Excerpted records
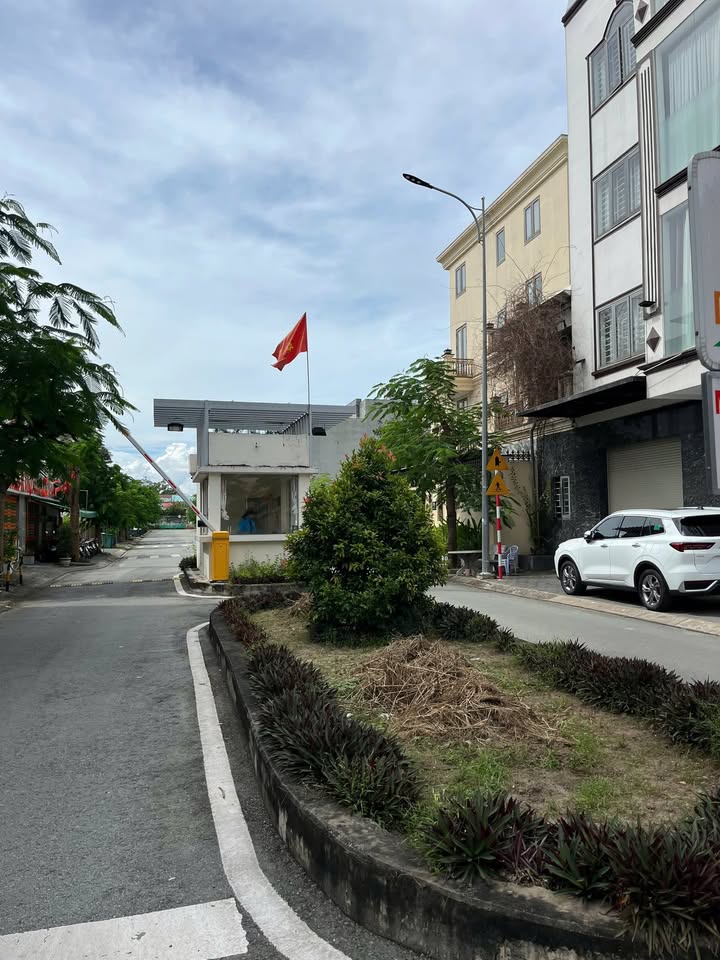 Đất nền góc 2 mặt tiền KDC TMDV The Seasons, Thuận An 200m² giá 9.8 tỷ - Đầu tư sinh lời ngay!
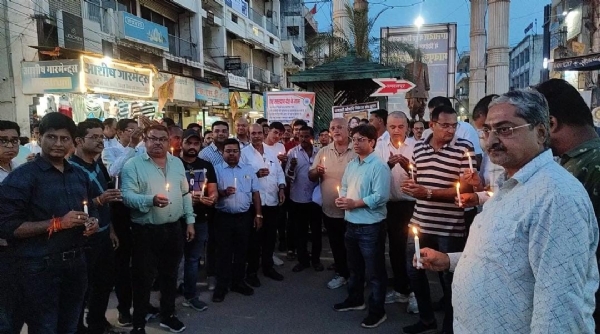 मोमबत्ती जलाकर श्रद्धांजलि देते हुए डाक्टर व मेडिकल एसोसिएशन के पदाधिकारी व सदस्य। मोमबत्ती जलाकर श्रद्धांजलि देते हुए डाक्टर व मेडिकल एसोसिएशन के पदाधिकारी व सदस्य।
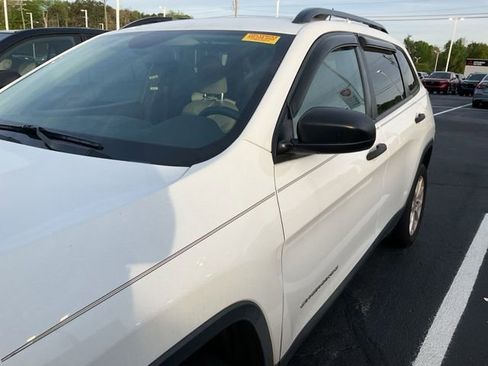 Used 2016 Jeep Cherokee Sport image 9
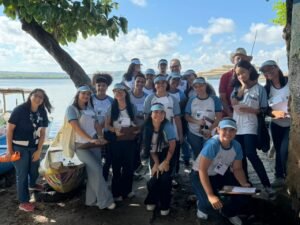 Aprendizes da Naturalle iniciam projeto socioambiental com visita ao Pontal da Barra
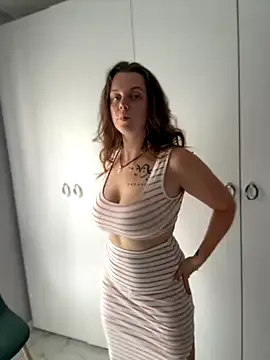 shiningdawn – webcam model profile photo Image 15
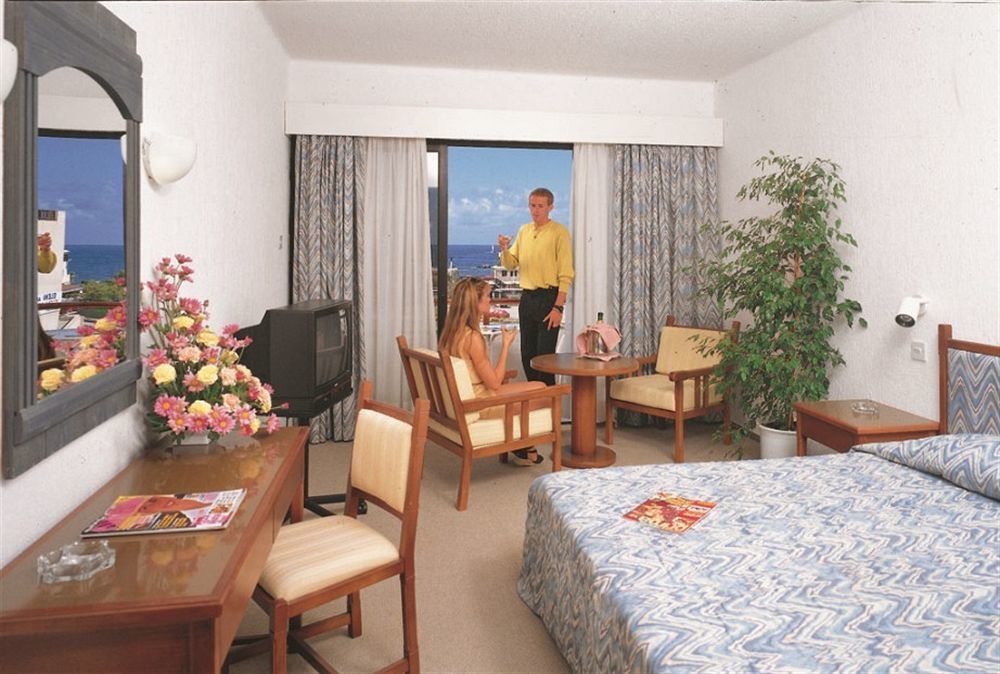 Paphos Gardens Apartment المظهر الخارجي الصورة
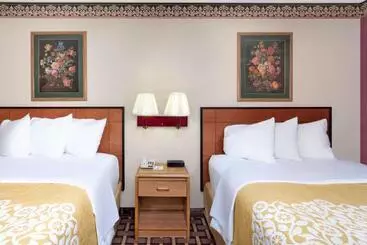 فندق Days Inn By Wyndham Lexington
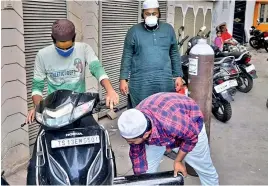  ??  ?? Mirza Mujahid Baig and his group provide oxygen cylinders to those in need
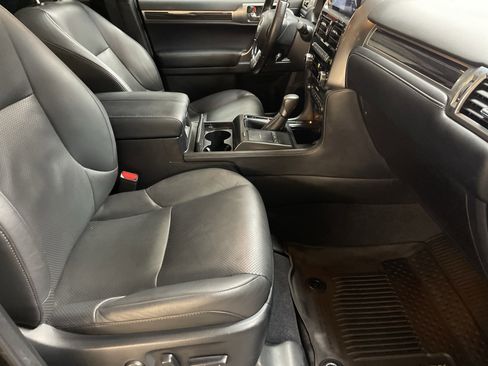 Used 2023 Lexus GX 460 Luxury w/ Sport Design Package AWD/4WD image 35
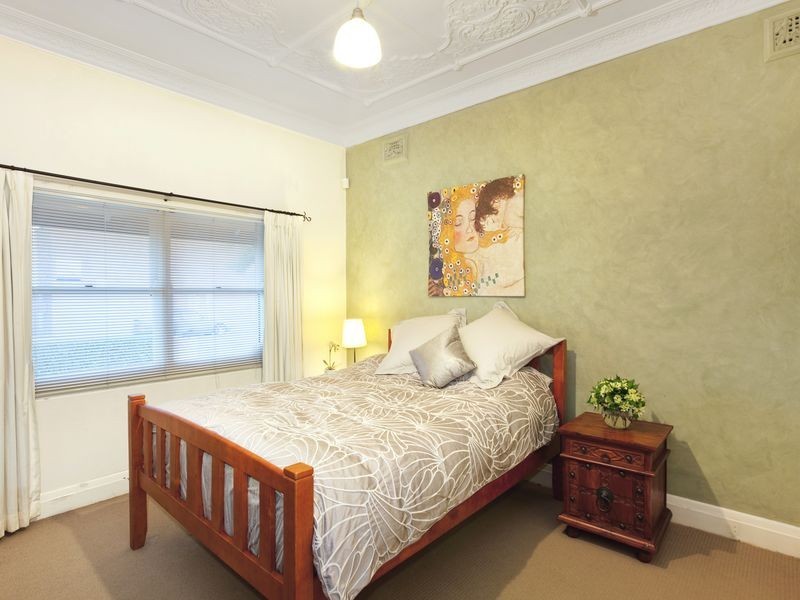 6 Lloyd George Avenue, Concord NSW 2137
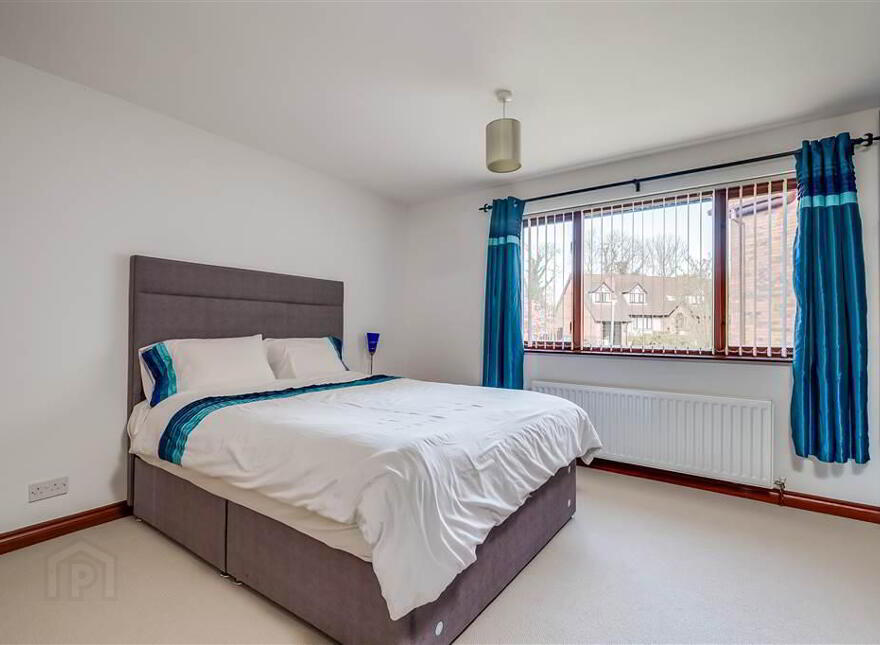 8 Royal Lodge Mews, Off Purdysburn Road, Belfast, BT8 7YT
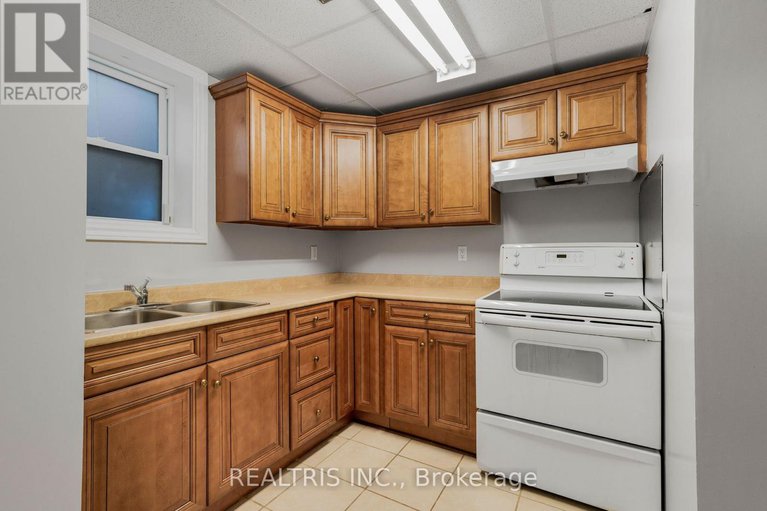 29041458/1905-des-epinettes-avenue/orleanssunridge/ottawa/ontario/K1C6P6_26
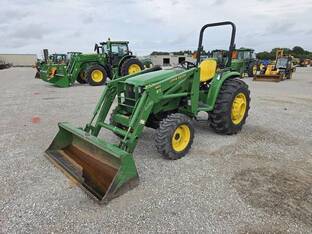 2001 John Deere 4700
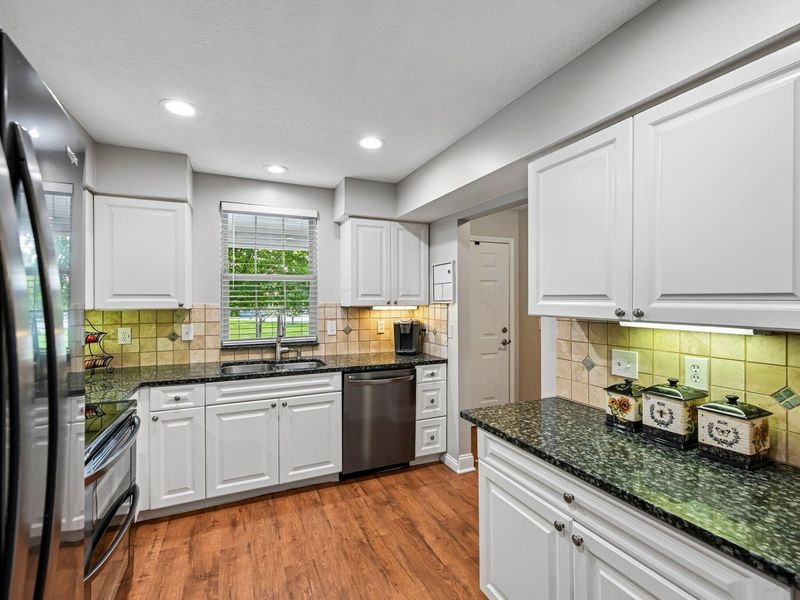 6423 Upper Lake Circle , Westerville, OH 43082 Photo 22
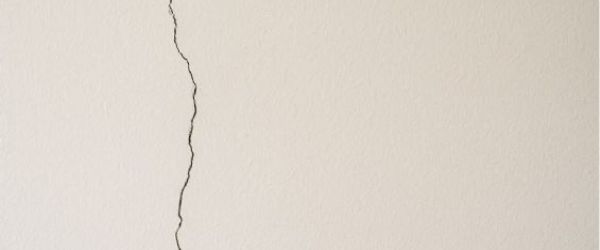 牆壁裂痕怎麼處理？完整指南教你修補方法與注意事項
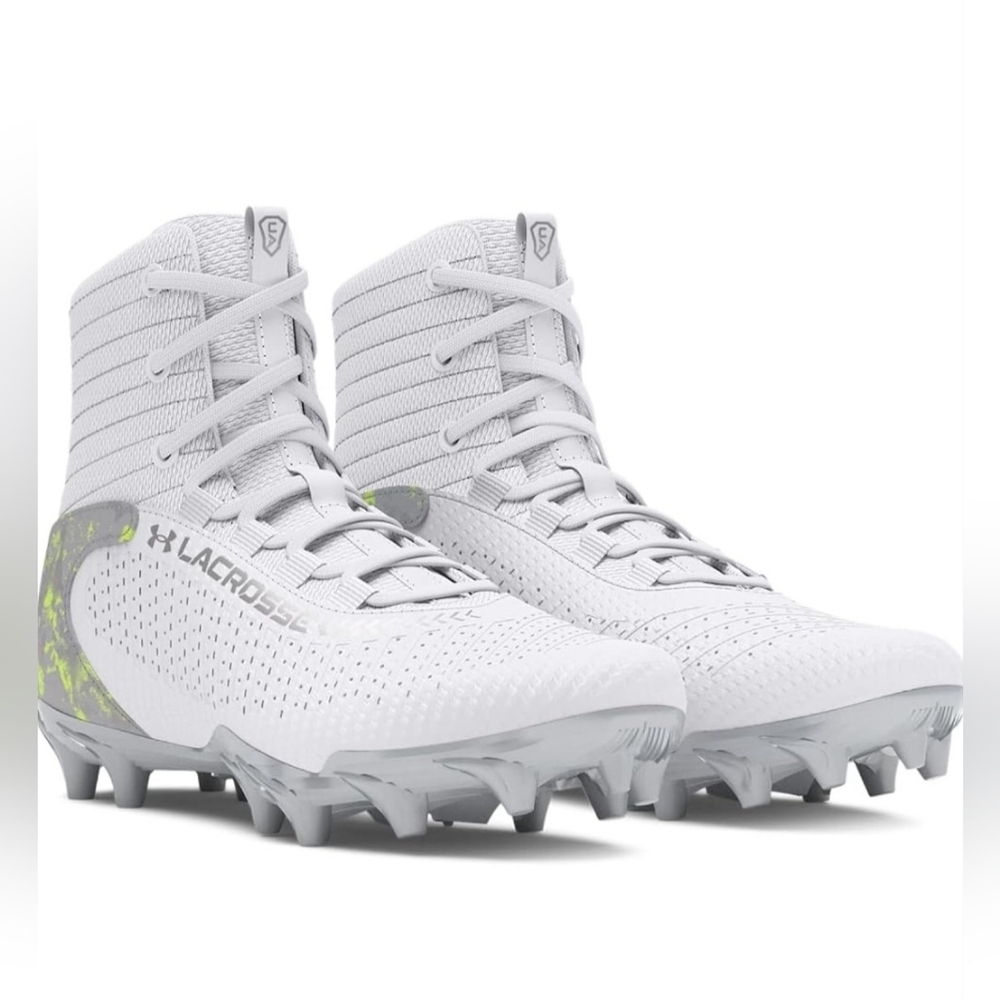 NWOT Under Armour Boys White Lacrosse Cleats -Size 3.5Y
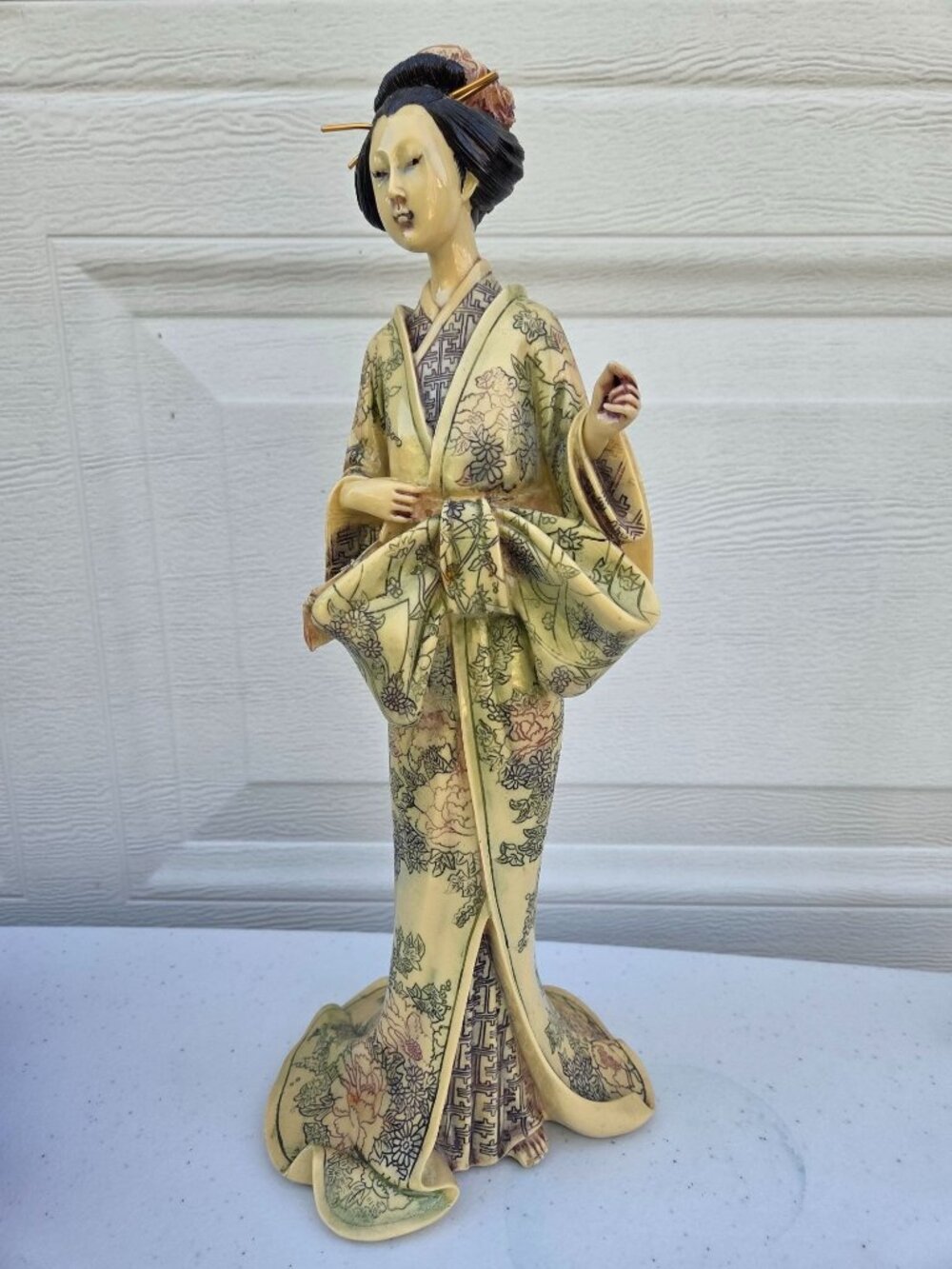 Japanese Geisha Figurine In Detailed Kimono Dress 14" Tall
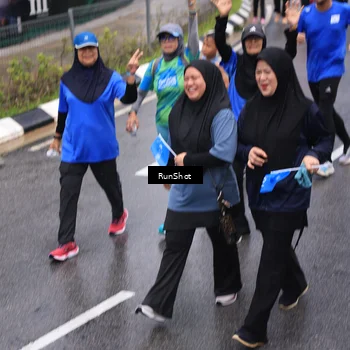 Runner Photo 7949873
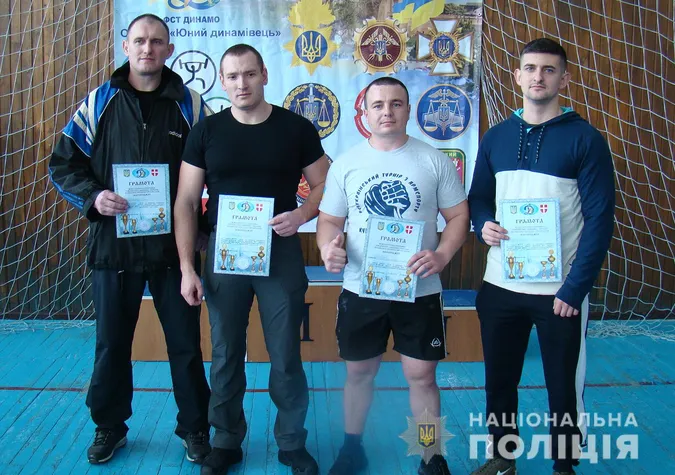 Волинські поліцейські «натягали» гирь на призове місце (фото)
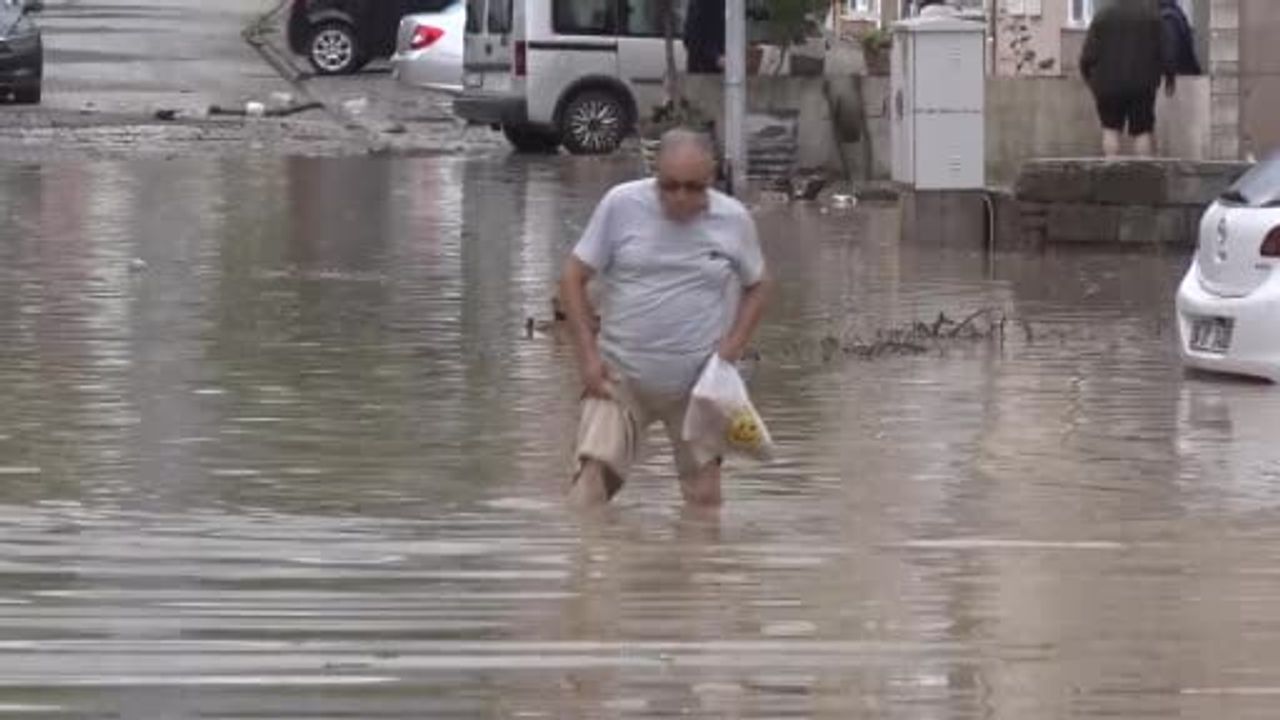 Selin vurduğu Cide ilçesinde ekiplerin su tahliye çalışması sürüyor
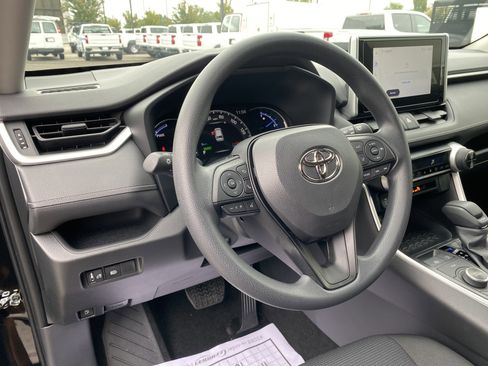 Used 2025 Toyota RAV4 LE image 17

Work order
For the entries above, the output must hold exactly the lines from the one with "व सदस्य। मोमबत्ती" through the last line, both included, and no pictures.

Task solution
 मोमबत्ती जलाकर श्रद्धांजलि देते हुए डाक्टर व मेडिकल एसोसिएशन के पदाधिकारी व सदस्य। मोमबत्ती जलाकर श्रद्धांजलि देते हुए डाक्टर व मेडिकल एसोसिएशन के पदाधिकारी व सदस्य।
 Used 2016 Jeep Cherokee Sport image 9
 Aprendizes da Naturalle iniciam projeto socioambiental com visita ao Pontal da Barra
 shiningdawn – webcam model profile photo Image 15
 Paphos Gardens Apartment المظهر الخارجي الصورة
 فندق Days Inn By Wyndham Lexington
  ??  ?? Mirza Mujahid Baig and his group provide oxygen cylinders to those in need
 Used 2023 Lexus GX 460 Luxury w/ Sport Design Package AWD/4WD image 35
 6 Lloyd George Avenue, Concord NSW 2137
 8 Royal Lodge Mews, Off Purdysburn Road, Belfast, BT8 7YT
 29041458/1905-des-epinettes-avenue/orleanssunridge/ottawa/ontario/K1C6P6_26
 2001 John Deere 4700
 6423 Upper Lake Circle , Westerville, OH 43082 Photo 22
 牆壁裂痕怎麼處理？完整指南教你修補方法與注意事項
 NWOT Under Armour Boys White Lacrosse Cleats -Size 3.5Y
 Japanese Geisha Figurine In Detailed Kimono Dress 14" Tall
 Runner Photo 7949873
 Волинські поліцейські «натягали» гирь на призове місце (фото)
 Selin vurduğu Cide ilçesinde ekiplerin su tahliye çalışması sürüyor
 Used 2025 Toyota RAV4 LE image 17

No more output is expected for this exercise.